The AI wave hits EVs
California-based Chemix, which raised $20 million in investment in April, is one of several startups and research labs looking to solve many of these issues with the help of AI.
Chemix is using machine-learning algorithms to develop EV batteries that can charge more quickly, hold more energy, and last longer than current EV power units.
Another common complaint drivers have about EVs is their tendency to lose performance in hotter and colder climates, an issue Chemix's custom-designed batteries could help address.
The startup's AI tech can also be used to filter out common battery materials, such as nickel and cobalt, that have been linked to human rights abuses.
Koeller said the primary advantage of using AI to design EV batteries is that it dramatically speeds up the process. A 2020 study in Nature found that machine learning models could reduce the time it took to identify a fast-charging battery design from 500 days to 16.
"The problem we're solving is really to speed up the pace of battery development," Koeller said, adding that this would be crucial to producing EVs that can hold their own against combustion-engine counterparts.
"We're definitely going to need significantly better battery performance and it's our belief that the way that we get there is by doing battery development in a fundamentally different way," he added.
Boosting batteries
Designing EV batteries is a three-step process, Georgia Tech assistant professor Micah Ziegler told BI.
Scientists must first decide on a structure and combination of elements that will produce a battery material with the desired properties before developing a recipe to synthesize it and testing that material in a lab.
The sheer number of potential combinations and the variety of demands placed on EV batteries — including longevity, safety, cost, and charging speed — makes designing batteries a lengthy and difficult process, Ziegler said.
"The number of options is just vast. Once you start putting different elements together, we're talking about potentially trillions of different combinations," he added.
AI could dramatically speed up this process, identifying potentially promising combinations far quicker than humans can.
Karl Mueller, a physical chemist at the Pacific Northwest National Laboratory, described battery design as an "Edisonian" task: a drawn-out process of trial and error in which scientists compare and tweak billions of chemical combinations.
"The process is slow, and it can take years to find new materials and modify them," he told BI.
PNNL recently teamed up with Microsoft to discover a promising new material for making EV batteries using the latter's AI and cloud-computing technology.
The solid-state electrolyte they discovered relies less on lithium, an increasingly rare resource that forms the core of today's EV batteries.

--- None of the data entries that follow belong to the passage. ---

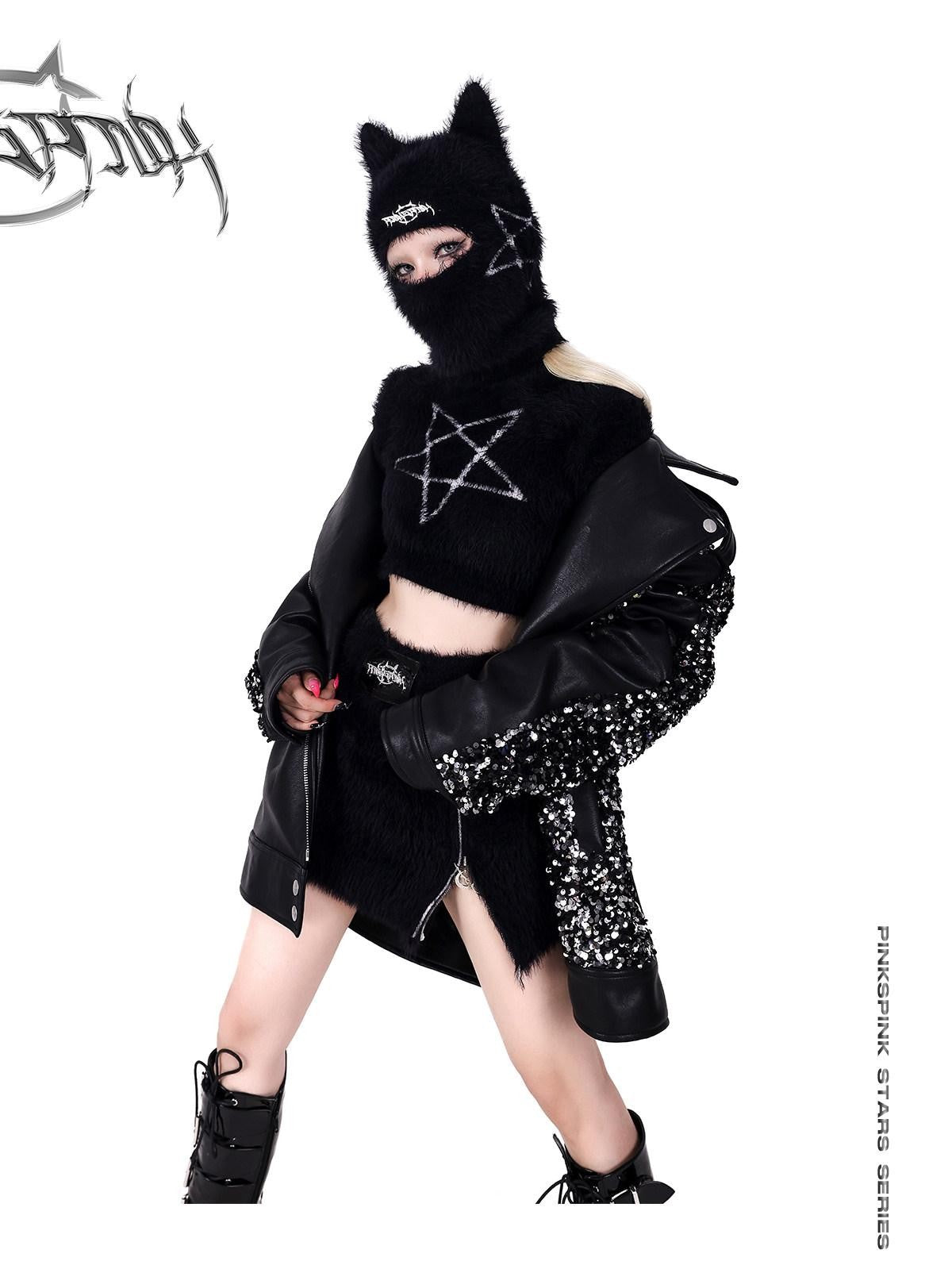 PINKSPINK Cat Ear Pentagram Balaclava Street Women's Cotton Knit Beanies
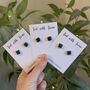 Green Blue Crackle Glaze Ceramic Square Studs, thumbnail 7 of 9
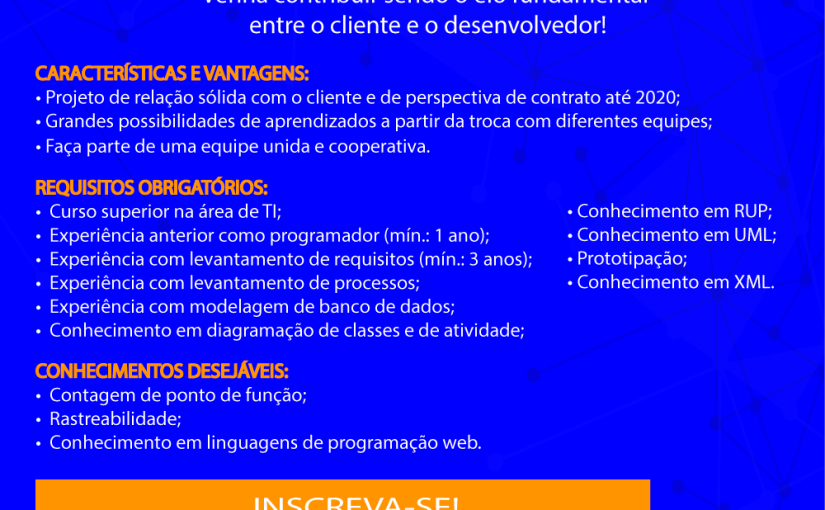 [Grupo Empregos em Brasília] Diversas Oportunidades – Mirante Tecnologia – 27/11/16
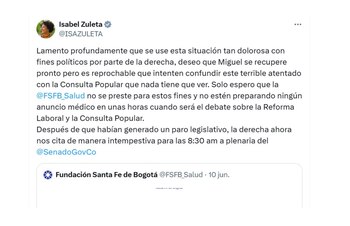 Con esta publicación, la senadora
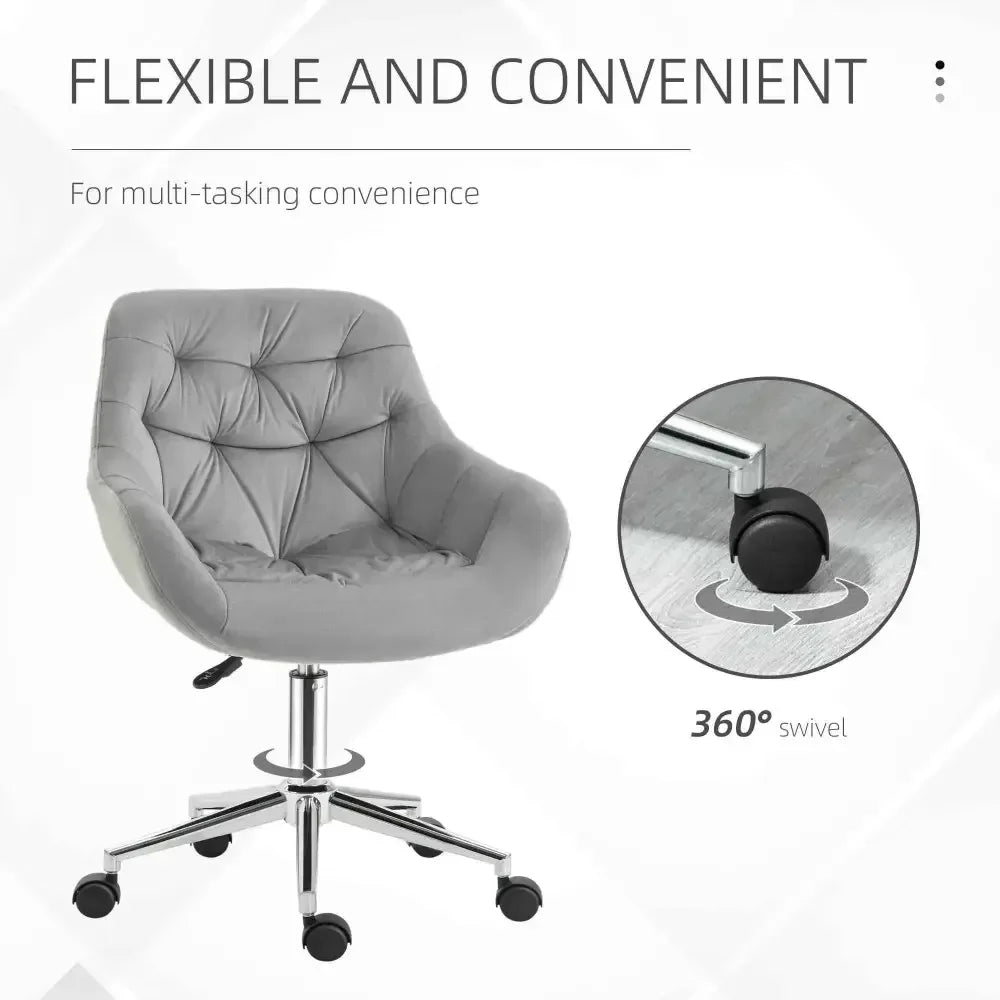 Velvet Home Office Chair with Adjustable Height - Ergo Heights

It is also less likely to catch fire than lithium-ion batteries.
'It's going to be phenomenal'
Mueller said incorporating AI into PNNL's workflow allowed the lab to dramatically speed up the process of whittling down 32 million possible chemical combinations to around 20 potential battery designs.
"The newest AI tools that we've been working on with Microsoft, it's allowed us to design for specific properties and to weed out things early that we believe won't have those properties," he said.
"It's going to be phenomenal for speeding up the discovery process. I think it's going to drive the speed of the discovery for what we need to do to allow for more electrification and better electric vehicles," Mueller added.
The hype around generative AI may be fading in some quarters, but one area where it's already reaping clear benefits is the scientific community.
Models such as DeepMind's AlphaFold 3 have improved the mapping of complex biological proteins, potentially opening up new opportunities for researchers to quickly develop life-saving drugs.
Mueller said that PNNL's collaboration with Microsoft has convinced him that generative AI could have applications far beyond speeding up EV battery design.
"This idea of building science agents based around large language models and coupling that to these discovery workflows, is very, very exciting," he said.
"I think in a year or two we're not going to recognize where science has got to," he added.